A Broken Leghorn is a 1959 Warner Bros. Looney Tunes cartoon short directed by Robert McKimson. The cartoon was released on September 26, 1959, and features Foghorn Leghorn and Miss Prissy. The voices are performed by Mel Blanc.

==Plot==
Foghorn Leghorn takes pity on Miss Prissy, whom the other hens are ridiculing because of her inability to lay an egg. To give her confidence, Foghorn slips one of the other hen's eggs under Miss Prissy as she is sitting on her nest. This garners surprise and some admiration as the other hens realize the egg has hatched a rooster chick. Foghorn overhears this fact and is immediately not pleased; there is, he believes, no need for the presence of another rooster "around here". Initially storming into the hen house to make his views known he is taken aback to see the hens standing - arms folded - as a united front. Foghorn decides to "play it cagey" instead and feigns interest in "the cute little tyke".

The chick already has designs on Foghorn's job; the rooster realizes that "this kid's gotta go". He approaches Miss Prissy and gains her permission to "train" her son in "the ancient art of roostering". The rooster chick, however, has figured out Foghorn's plans for him.

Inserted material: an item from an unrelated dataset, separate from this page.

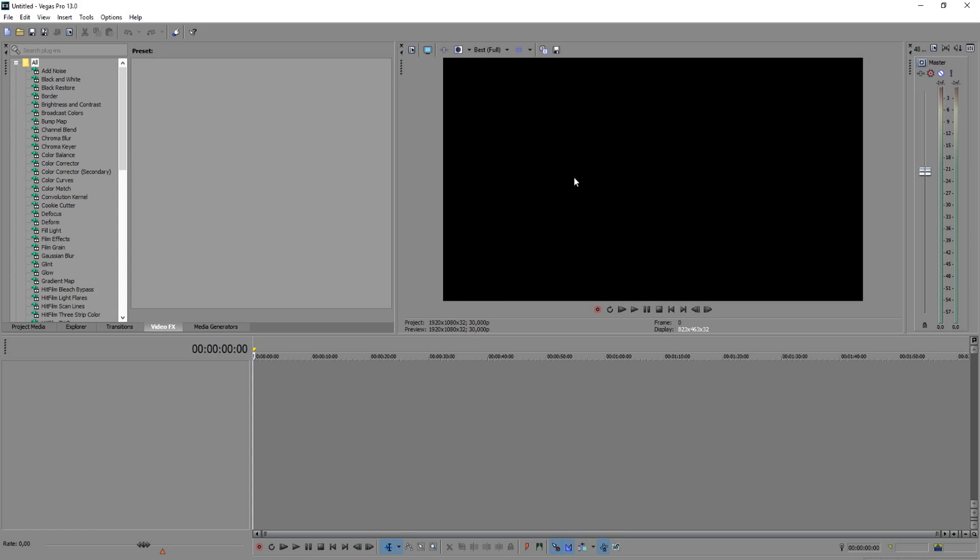So once you've opened up Sony Vegas you want to download a picture of rainbow colors. We're going to go to Google for a second and we're going to download a rainbow picture, the colors of a rainbow.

Foghorn proceeds with attempts to get rid of his small rival, including: coaxing him to be a chicken crossing the road, hopefully into oncoming traffic, coaxing him to learn about "patience" while Foghorn throws a stick of dynamite through a pipe, trying to get him to pull a cob of corn hard enough to activate the trigger of a rifle Foghorn tied it to, and coaxing him to trigger a land mine when trying to catch a rope used as a fake worm. However, each of these attempts ends with Foghorn getting the worst of things.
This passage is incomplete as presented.